DATA FOR REVIEW:
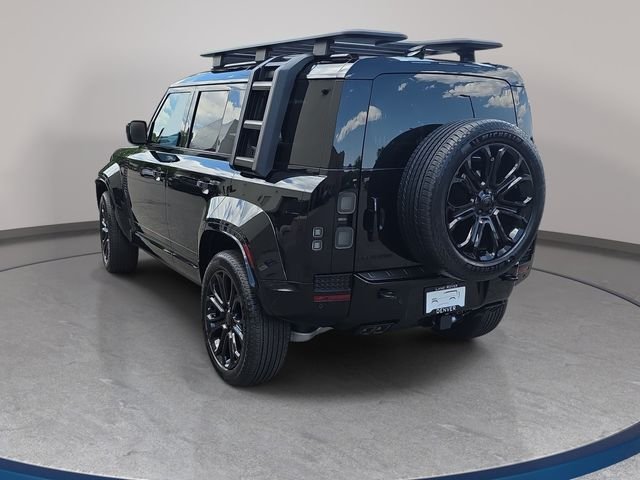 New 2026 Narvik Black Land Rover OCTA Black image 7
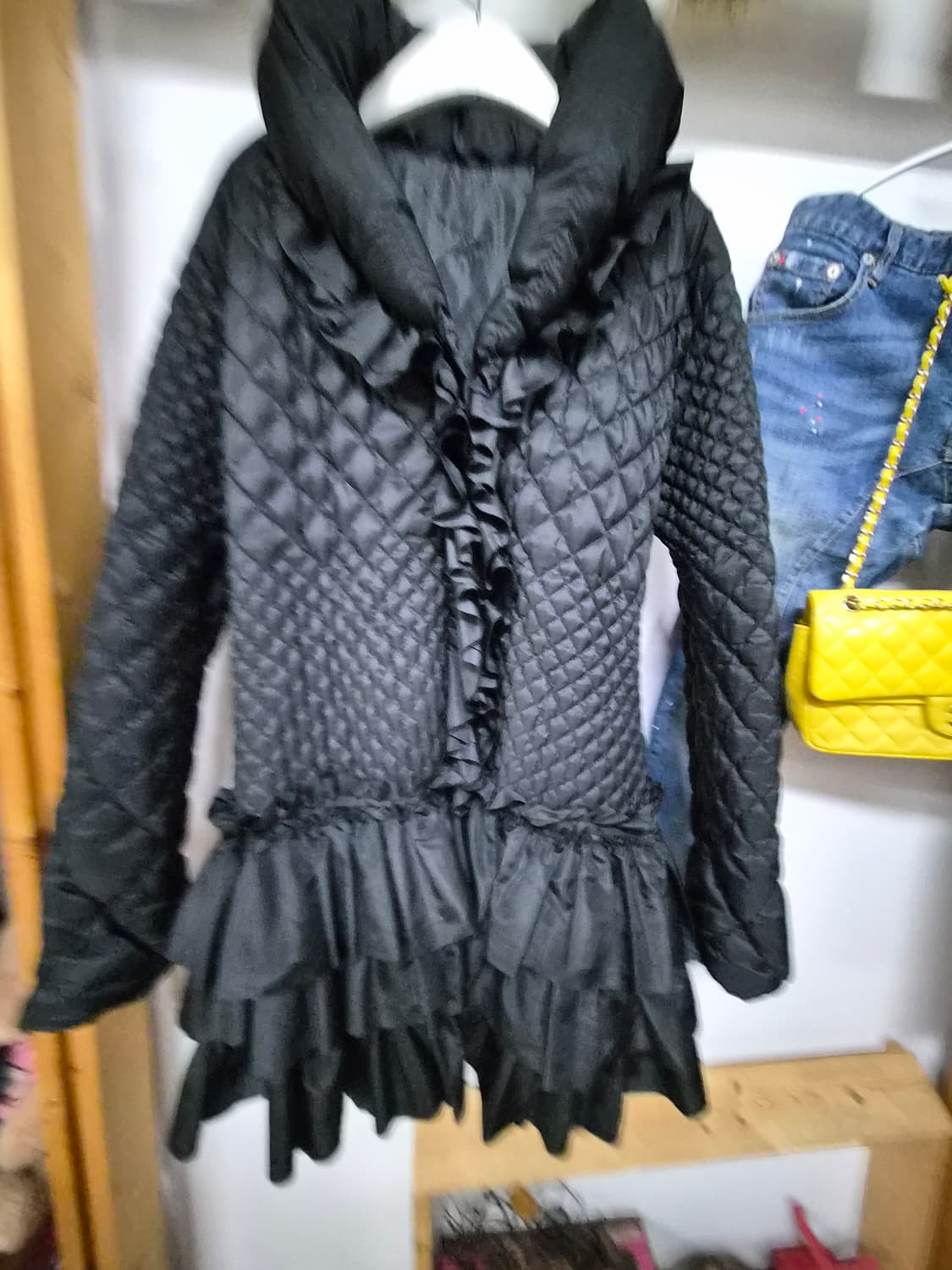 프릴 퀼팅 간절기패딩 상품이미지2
--
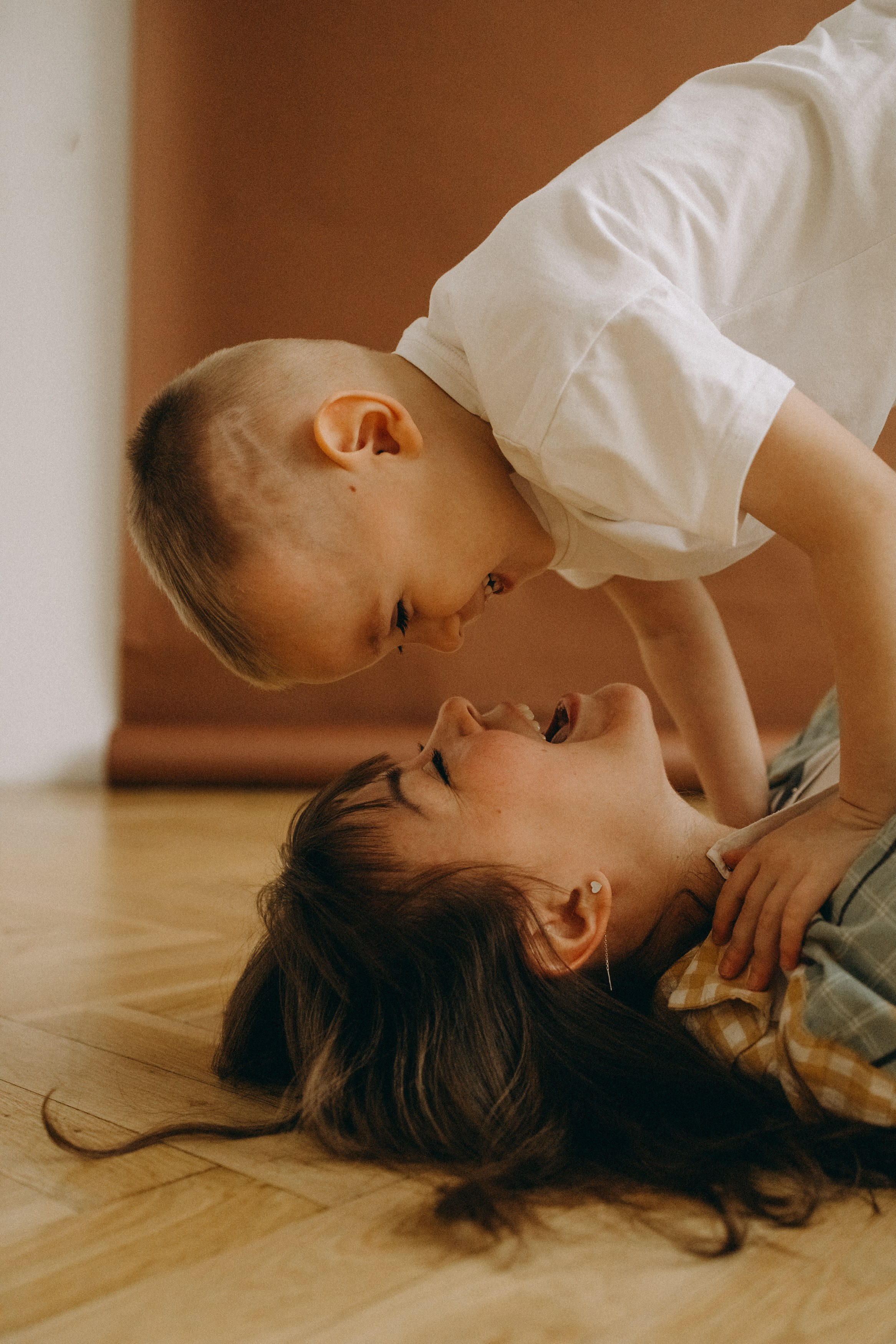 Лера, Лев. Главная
---
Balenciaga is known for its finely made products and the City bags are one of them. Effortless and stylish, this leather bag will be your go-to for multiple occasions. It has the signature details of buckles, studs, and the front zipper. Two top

WORK TASK:
Exactly the lines starting at the one above with "New 2026 Narvik" and ending at the one with "프릴 퀼팅 간절기패딩 상품이미지2" should be printed, and nothing else. Omit the pictures.

WRITTEN RESPONSE:
 New 2026 Narvik Black Land Rover OCTA Black image 7
 프릴 퀼팅 간절기패딩 상품이미지2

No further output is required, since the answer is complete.